Cross sectional photograph of a Nested Antiresonant Nodeless hollow-core Fibre (NANF) showing a mode being guided in the fibre.

Related Links:

• Airguide Photonics

The University of Southampton’s world-leading Optoelectronic Research Centre (ORC) is to announce a significant breakthrough in Hollow-Core Fibre (HCF) technology at ECOC2018 in Rome, Italy, this week.

Hollow-core fibres are optical fibres where the conventional glass in the core is replaced by a gas or vacuum. These fibres, with a ’holey’ centre, have attracted scientists worldwide for over a century owing to their faster light speed giving less information delay – an important attribute for data centres, 5G mobile communications and driverless vehicles. Remarkably, these fibres also have the potential for lower loss and higher data transmission capacity than the conventional all-solid glass optical fibres in use today.

Despite predictions, the use of HCFs in optical communications has to date been severely limited by their relatively-high optical loss. The breakthrough to be reported this week, combined with the ultimate potential of this new technology, could herald the creation of larger and more distributed data centres, and more resilient and cost effective 5G networks.

The post-deadline paper, ‘Record Low-Loss 1.3dB/km Data Transmitting Antiresonant Hollow Core Fibre’ is a joint initiative between the ORC, through the ERC ‘LightPipe’ project, and Lumenisity Ltd. It reports the world’s lowest optical signal attenuation in a data-transmitting HCF.

The result is particularly significant, as it breaks the previously recorded HCF attenuation level of 1.7dB/km, reported as long ago as 2004.*

The results have been enabled by a novel fibre structure invented at the ORC**, that modelling predicts offers future losses as low as, or better than, standard silica fibres.

The Nested Antiresonant Nodeless hollow-core Fibre (NANF) developed by the Southampton team incorporates an ingenious arrangement of twelve carefully-positioned glass capillaries with a wall thickness of just one thousandth of a millimetre. These tubes surround an empty central region and create a hollow pipe in which the light is guided.

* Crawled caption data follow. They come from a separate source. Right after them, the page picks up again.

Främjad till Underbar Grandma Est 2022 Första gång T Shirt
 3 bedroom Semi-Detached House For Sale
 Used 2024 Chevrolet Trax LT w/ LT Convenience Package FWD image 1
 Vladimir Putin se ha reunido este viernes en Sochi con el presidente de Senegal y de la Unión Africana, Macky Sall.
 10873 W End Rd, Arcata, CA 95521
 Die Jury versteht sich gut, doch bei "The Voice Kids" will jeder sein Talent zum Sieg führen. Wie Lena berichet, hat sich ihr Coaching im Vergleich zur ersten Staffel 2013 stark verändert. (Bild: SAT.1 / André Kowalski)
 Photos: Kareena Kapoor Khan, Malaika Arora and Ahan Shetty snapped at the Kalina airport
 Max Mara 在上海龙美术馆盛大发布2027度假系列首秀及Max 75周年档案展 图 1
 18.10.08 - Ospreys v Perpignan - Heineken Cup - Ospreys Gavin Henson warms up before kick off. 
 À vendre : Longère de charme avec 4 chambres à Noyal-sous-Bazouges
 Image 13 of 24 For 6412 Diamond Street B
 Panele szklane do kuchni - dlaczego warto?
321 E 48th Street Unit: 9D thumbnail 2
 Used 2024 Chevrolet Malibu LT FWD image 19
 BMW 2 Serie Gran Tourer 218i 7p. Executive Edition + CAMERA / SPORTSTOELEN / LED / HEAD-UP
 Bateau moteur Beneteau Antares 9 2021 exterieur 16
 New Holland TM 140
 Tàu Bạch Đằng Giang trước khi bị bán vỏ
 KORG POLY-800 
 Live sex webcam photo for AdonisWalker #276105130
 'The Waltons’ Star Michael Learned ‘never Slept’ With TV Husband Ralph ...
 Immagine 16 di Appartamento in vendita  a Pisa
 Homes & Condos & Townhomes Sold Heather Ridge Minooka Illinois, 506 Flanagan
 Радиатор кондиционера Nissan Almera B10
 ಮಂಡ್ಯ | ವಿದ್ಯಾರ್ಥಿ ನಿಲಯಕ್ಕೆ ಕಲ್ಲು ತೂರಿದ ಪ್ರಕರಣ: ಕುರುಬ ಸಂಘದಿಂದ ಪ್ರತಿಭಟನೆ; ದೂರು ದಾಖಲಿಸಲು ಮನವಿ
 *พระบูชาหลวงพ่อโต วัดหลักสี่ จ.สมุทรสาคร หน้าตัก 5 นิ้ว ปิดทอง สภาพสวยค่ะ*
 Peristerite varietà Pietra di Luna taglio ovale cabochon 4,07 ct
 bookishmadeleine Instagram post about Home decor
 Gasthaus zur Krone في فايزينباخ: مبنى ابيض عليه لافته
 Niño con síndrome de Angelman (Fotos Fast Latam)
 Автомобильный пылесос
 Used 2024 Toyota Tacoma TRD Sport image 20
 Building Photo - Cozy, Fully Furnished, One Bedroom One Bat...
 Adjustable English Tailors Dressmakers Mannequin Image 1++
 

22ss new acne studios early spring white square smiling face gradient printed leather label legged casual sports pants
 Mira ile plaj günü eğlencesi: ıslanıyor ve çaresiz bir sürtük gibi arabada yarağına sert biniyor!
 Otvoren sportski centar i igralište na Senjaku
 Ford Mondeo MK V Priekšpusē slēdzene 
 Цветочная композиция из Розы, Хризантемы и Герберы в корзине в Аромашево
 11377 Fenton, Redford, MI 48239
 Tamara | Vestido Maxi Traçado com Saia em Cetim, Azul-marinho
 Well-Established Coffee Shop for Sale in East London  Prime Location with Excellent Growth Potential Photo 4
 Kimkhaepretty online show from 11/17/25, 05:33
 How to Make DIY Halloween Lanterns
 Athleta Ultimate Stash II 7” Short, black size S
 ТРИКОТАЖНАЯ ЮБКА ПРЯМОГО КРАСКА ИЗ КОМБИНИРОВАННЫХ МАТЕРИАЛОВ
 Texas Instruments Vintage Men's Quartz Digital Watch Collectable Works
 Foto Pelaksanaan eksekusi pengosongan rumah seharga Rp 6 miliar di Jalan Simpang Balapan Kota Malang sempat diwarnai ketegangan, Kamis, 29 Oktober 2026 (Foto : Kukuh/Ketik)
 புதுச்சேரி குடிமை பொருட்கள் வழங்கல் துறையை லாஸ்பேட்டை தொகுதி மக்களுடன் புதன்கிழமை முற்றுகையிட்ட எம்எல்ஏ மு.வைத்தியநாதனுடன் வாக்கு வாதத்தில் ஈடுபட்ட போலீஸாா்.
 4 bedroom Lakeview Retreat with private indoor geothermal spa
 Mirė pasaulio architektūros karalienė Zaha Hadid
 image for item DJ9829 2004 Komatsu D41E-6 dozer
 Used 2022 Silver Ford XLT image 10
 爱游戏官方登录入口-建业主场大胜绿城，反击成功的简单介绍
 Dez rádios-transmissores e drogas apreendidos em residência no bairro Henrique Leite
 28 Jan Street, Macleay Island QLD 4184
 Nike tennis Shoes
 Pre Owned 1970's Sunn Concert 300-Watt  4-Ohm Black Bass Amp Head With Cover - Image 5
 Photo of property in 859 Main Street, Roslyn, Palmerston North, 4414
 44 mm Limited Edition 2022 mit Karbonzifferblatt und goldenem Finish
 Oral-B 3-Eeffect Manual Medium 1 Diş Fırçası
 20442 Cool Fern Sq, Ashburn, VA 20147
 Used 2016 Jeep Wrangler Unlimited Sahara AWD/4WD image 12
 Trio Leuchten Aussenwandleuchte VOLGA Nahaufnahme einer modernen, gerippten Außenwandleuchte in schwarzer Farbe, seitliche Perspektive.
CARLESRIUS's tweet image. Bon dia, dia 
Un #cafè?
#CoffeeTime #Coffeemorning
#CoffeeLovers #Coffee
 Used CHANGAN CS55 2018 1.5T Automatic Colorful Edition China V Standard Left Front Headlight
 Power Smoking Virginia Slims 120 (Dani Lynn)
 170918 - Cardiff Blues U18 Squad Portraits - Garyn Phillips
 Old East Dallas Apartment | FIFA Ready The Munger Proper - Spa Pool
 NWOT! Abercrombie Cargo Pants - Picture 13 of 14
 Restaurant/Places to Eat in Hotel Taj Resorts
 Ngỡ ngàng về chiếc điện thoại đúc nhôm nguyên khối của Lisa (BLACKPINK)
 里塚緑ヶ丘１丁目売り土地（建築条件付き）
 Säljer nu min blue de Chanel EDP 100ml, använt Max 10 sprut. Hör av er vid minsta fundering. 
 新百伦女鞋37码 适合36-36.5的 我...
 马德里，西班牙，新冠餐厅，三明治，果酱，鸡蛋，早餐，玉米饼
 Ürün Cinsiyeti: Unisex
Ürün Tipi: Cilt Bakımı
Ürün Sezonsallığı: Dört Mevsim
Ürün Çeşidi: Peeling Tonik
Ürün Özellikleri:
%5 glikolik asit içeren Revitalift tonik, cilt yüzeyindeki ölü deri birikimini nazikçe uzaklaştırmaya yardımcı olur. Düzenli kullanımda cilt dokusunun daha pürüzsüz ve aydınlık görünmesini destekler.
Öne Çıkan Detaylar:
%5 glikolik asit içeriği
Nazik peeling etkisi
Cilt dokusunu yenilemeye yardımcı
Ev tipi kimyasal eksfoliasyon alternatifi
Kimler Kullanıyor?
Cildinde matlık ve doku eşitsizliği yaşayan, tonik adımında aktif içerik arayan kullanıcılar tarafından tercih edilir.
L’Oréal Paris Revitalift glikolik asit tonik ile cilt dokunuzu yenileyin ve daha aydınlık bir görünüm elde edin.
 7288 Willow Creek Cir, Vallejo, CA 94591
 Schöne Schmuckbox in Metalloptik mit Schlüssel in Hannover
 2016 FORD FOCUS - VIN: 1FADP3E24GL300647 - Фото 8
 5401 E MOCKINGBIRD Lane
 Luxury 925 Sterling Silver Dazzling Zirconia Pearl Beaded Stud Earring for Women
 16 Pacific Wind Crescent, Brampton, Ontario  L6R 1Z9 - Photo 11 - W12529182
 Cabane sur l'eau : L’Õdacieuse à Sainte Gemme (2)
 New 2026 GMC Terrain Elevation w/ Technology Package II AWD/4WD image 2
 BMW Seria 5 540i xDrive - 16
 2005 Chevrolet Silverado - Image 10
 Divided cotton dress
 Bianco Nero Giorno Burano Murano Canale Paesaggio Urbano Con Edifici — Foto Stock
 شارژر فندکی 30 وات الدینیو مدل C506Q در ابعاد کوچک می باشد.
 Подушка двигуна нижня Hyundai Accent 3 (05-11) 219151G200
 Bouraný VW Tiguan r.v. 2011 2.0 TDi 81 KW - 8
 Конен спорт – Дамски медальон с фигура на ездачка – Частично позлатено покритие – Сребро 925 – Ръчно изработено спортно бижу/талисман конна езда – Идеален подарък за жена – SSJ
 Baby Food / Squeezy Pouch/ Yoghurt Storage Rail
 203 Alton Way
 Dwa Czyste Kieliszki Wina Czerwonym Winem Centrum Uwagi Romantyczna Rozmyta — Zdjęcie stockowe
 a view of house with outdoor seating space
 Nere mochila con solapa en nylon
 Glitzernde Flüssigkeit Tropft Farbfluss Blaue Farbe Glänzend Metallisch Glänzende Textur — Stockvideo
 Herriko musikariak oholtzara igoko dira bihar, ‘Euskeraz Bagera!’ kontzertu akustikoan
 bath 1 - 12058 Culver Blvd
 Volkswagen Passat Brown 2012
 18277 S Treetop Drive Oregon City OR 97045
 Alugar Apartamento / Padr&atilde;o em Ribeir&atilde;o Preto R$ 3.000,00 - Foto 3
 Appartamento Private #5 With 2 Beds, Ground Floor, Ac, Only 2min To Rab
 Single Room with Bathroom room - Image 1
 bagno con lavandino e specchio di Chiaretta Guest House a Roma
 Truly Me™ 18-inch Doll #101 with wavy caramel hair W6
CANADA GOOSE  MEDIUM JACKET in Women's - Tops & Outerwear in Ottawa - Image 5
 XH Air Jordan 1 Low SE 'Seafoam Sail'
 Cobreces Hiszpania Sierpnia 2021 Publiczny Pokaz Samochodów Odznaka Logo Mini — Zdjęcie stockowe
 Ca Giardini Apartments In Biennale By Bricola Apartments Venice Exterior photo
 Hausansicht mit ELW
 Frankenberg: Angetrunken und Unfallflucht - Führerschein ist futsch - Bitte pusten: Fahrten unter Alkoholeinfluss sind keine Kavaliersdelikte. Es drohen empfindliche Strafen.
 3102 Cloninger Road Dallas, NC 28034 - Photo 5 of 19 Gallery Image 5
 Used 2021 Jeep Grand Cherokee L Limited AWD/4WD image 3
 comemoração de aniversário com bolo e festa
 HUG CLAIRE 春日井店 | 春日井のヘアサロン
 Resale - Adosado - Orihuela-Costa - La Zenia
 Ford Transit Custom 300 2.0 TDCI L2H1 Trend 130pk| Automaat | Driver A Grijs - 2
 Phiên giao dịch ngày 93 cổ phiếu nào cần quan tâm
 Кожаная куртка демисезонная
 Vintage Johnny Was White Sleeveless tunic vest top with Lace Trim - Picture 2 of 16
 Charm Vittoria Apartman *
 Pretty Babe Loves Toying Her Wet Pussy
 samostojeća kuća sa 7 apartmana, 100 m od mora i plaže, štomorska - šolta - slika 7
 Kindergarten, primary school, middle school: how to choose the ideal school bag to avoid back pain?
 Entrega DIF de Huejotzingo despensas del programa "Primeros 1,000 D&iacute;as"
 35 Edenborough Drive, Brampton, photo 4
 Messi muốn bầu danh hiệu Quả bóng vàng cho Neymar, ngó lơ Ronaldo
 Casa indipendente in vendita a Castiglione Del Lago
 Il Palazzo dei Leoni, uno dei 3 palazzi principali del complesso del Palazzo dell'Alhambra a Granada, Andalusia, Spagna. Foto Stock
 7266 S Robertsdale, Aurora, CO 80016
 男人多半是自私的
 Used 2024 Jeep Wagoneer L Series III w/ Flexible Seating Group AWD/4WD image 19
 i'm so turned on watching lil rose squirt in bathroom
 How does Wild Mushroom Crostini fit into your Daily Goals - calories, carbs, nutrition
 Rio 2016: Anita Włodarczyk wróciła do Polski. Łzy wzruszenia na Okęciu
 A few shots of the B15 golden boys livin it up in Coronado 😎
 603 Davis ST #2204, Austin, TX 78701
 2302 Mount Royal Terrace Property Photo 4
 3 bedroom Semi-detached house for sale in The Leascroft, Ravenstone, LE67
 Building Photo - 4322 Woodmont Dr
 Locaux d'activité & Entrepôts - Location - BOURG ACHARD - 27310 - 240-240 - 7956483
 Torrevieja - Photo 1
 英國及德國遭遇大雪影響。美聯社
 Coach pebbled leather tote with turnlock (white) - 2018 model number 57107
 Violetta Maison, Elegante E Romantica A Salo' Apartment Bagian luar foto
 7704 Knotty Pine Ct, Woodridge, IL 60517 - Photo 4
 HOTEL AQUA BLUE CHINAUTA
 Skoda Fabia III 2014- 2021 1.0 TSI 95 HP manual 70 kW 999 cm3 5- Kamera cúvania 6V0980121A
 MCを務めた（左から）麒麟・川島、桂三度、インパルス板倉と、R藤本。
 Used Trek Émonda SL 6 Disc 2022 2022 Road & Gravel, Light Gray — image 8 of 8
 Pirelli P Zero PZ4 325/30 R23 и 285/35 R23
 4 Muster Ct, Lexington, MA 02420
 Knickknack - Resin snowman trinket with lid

Professor Francesco Poletti of the Optoelectronics Research Centre, who leads the team and the LightPipe programme, said: “This result represents a key first milestone in the practical development of a new hollow core fibre technology that is considerably easier to manufacture than previous generations. NANF technology could enable breakthroughs in many areas of science and technology, from sensing to laser power delivery and data communications. A few months ago it was just a promising idea on a piece of paper, but with the help of the exceptional members of our team we already have this first experimental demonstration.”

“Furthermore, the experiments agree well with numerical simulations, giving us confidence in predictions that the capacity of the fibre could be increased by a further factor of two and the loss decreased by a factor of ten through design and fabrication improvements.”

Applications of this new technology will be explored in partnership with a range of academic and industrial project collaborators through the EPSRC-funded Airguide Photonics programme.

* B.J. Mangan, et al., Proc. OFC 2004, PD24

** F Poletti, Opt. Express 22, 23807-23828 (2014)